Einen konkreten Plan gibt es noch nicht, die Perspektive soll in der ersten Projektphase möglichst offen gehalten werden. Den Kick-Off gab das Mini-Festival am 7. und 8. Dezember. Theater, Konzerte, Kabarett, Musik und Video wurden dargeboten – eben Kunst in all ihren Facetten. Außerdem offene Workshops für Kinder, in denen man beatboxen, rappen oder sich die Welt der Stop-Motion Animationskunst näher bringen lassen konnte. Tische waren mit Papier überzogen und Stiften bestückt und die Besucher durften ihrem künstlerischen Talent nachgehen, während im Lichthof Beatboxer Jibel Jay, Schauspieler Manuel Schmidt oder das Orkestra Crosscultura performten. In der Kaue konnte man sich selbst als solchen titulierenden Dreckspop von Familie Staub aus Essen hören, die wider Erwarten tiefgründige Singer-Songwriter-Texte zum Besten gaben. Mit Dangerboy war noch eine Essener Band vertreten, die sich einer Mischung aus Postpunk und Rock’n’Roll widmete. Headliner war Thorsten „Nagel“ Nagelschmidt, ehemals Mitglied in der überregional bekannten Münsteraner Punkformation Muff Potter, als „Nagel und Band“. Bei der anschließenden Party konnte man in Kontakt mit den Künstlern treten oder einfach ausgelassen feiern. Team Supakool gaben mit ihrem Mix aus Breakbeat, Funk und Hip Hop den Rhythmus vor, Videoinstallationen sorgten für visuelle Untermalung.

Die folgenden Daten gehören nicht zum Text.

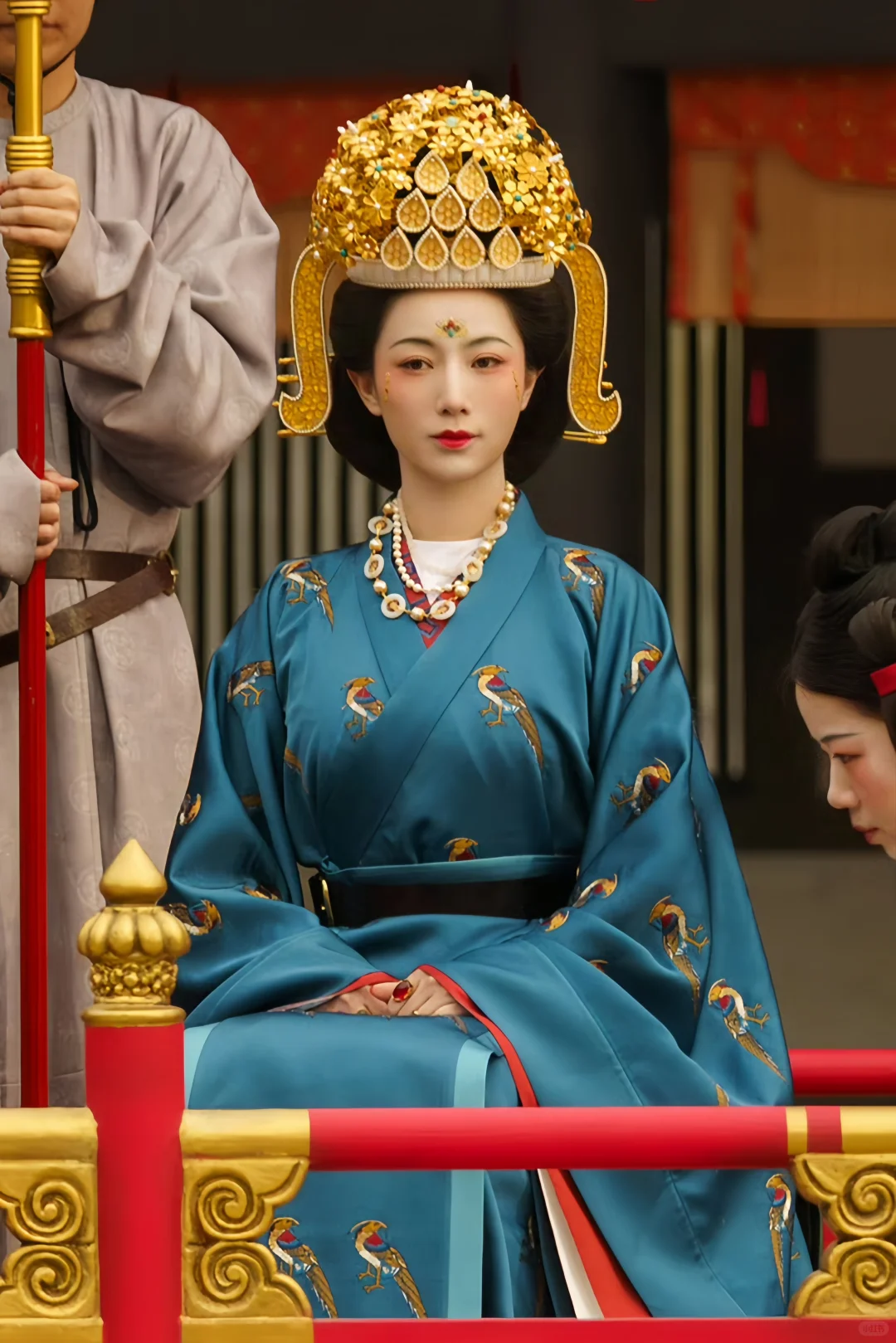 锦绣芳华贵女们的服饰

Joscha Hendricksen stand als „Hahn von Opel“ mit einer Mischung aus Comedy und Musik selber auf der Bühne. Kunst ist für ihn mehr als „Malen“, kennt endlose Spielarten und ist keiner bestimmten Klientel vorbehalten. Er grenzt den Begriff deshalb auch von Kultur, die ihm zu abstrakt erscheint, ab. Kunst ist etwas Greifbares, Konkretes. In „Kunst schafft Stadt“ soll es daher auch um die Menschen gehen, die in ihrem Alltag keine Kunstschaffenden sind. Dabei ist alles erlaubt. Ab Januar gibt es zu diesem Zweck eine „Sprechstunde“ in der Zeche Carl. Dort kann dann jeder seine Vorschläge einreichen und so zum „Local Hero“ werden.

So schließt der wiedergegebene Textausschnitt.